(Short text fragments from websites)
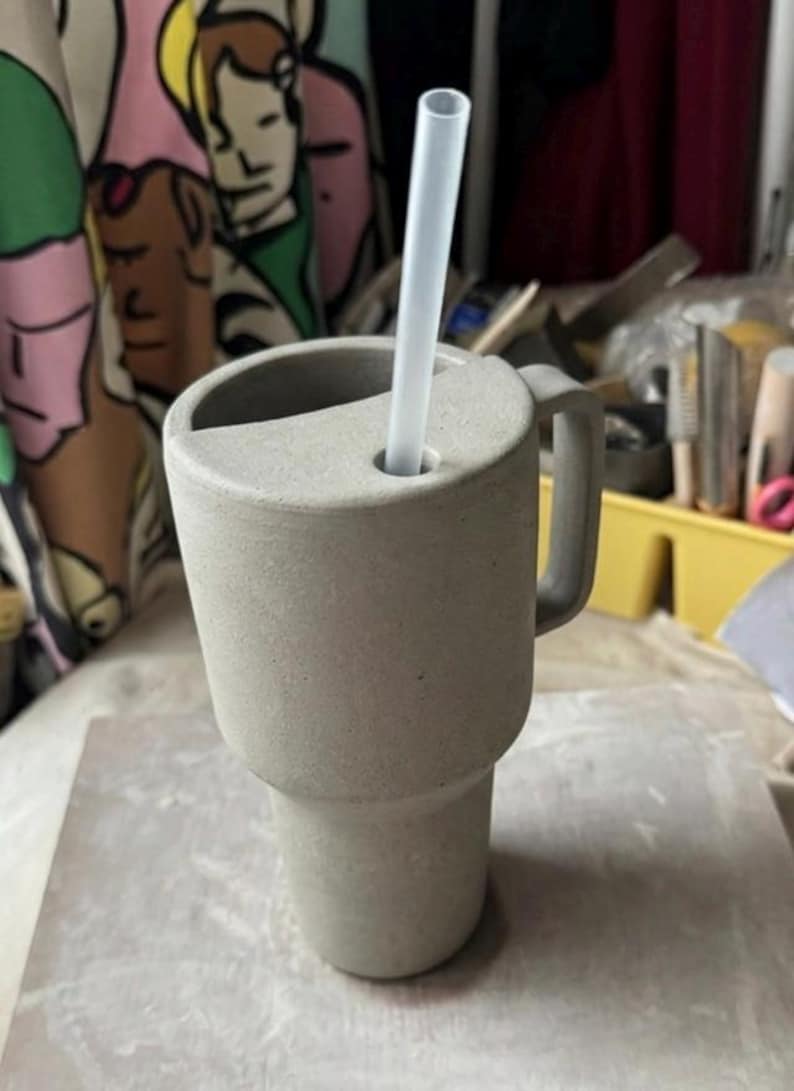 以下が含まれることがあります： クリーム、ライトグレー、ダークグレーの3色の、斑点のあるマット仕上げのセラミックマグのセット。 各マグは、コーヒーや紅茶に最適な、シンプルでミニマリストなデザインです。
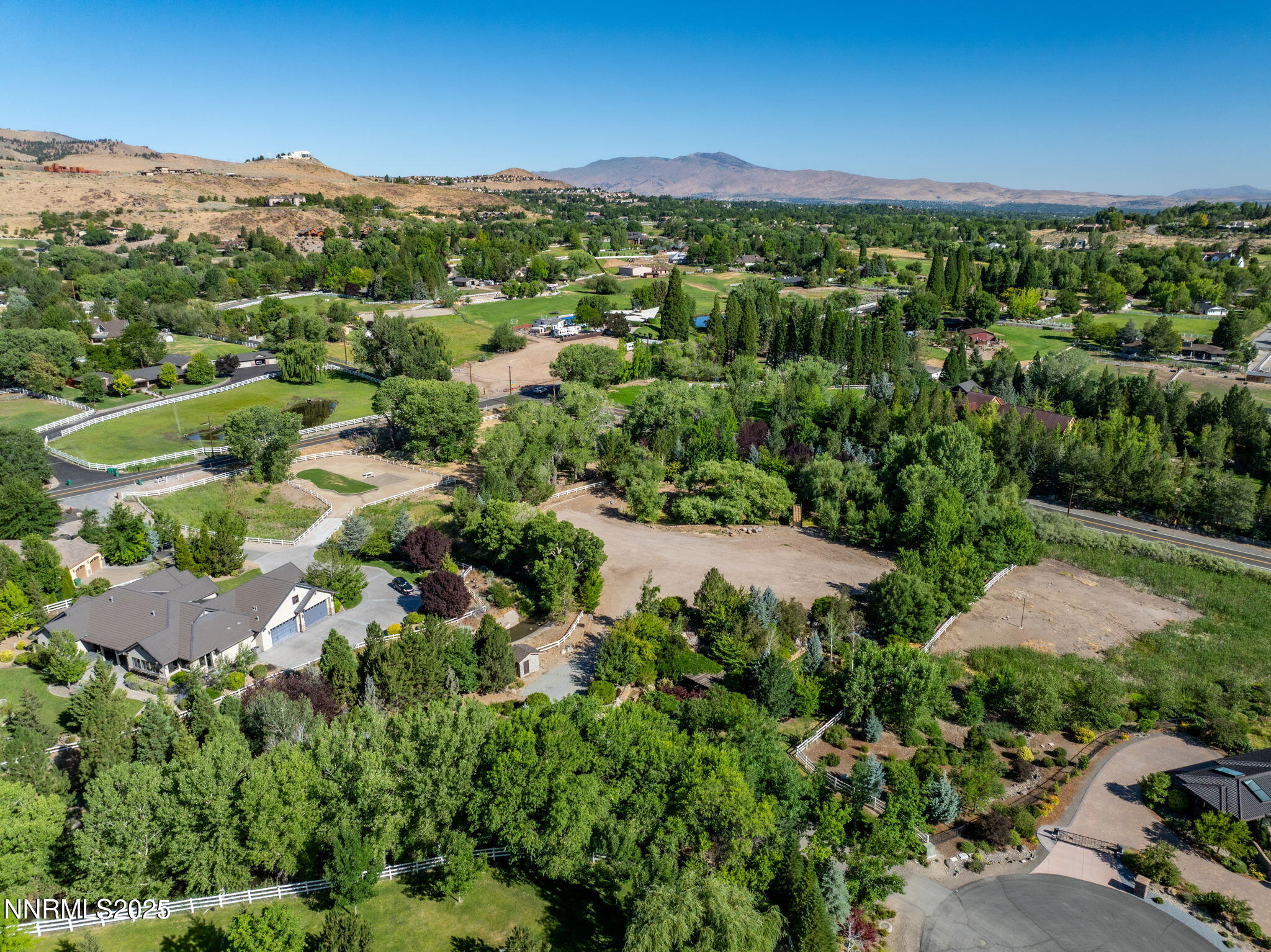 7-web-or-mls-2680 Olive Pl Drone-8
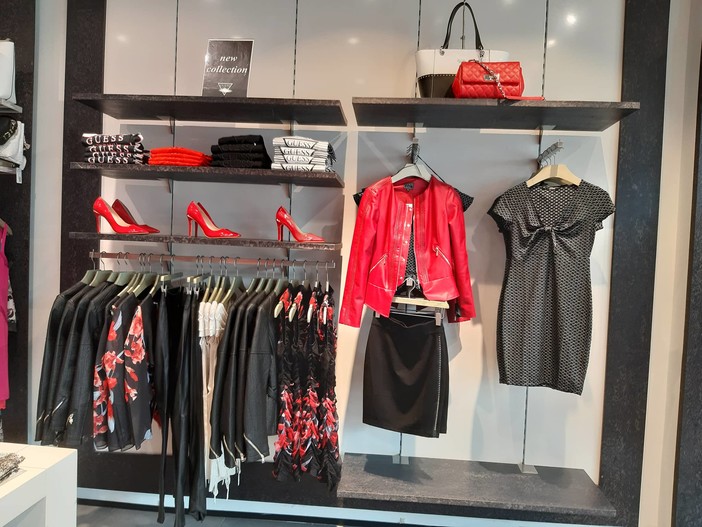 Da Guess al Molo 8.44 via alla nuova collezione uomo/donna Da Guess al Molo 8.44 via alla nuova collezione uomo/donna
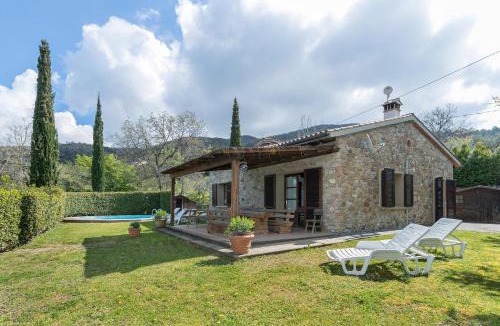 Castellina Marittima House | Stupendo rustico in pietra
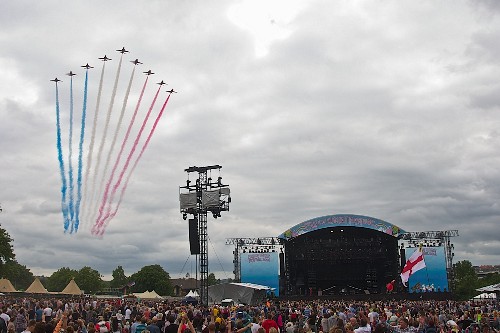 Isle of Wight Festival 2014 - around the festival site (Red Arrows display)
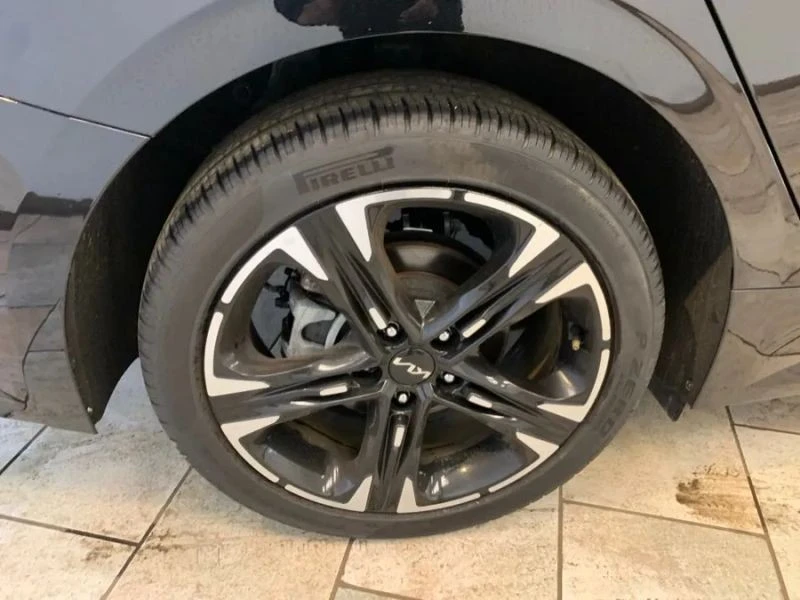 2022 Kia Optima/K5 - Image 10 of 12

YOUR OBJECTIVE ▸
Output each record above exactly as it stands, excluding all pictures.

RESPONSE TO THE EXERCISE ▸
 以下が含まれることがあります： クリーム、ライトグレー、ダークグレーの3色の、斑点のあるマット仕上げのセラミックマグのセット。 各マグは、コーヒーや紅茶に最適な、シンプルでミニマリストなデザインです。
 7-web-or-mls-2680 Olive Pl Drone-8
 Da Guess al Molo 8.44 via alla nuova collezione uomo/donna Da Guess al Molo 8.44 via alla nuova collezione uomo/donna
 Castellina Marittima House | Stupendo rustico in pietra
 Isle of Wight Festival 2014 - around the festival site (Red Arrows display)
 2022 Kia Optima/K5 - Image 10 of 12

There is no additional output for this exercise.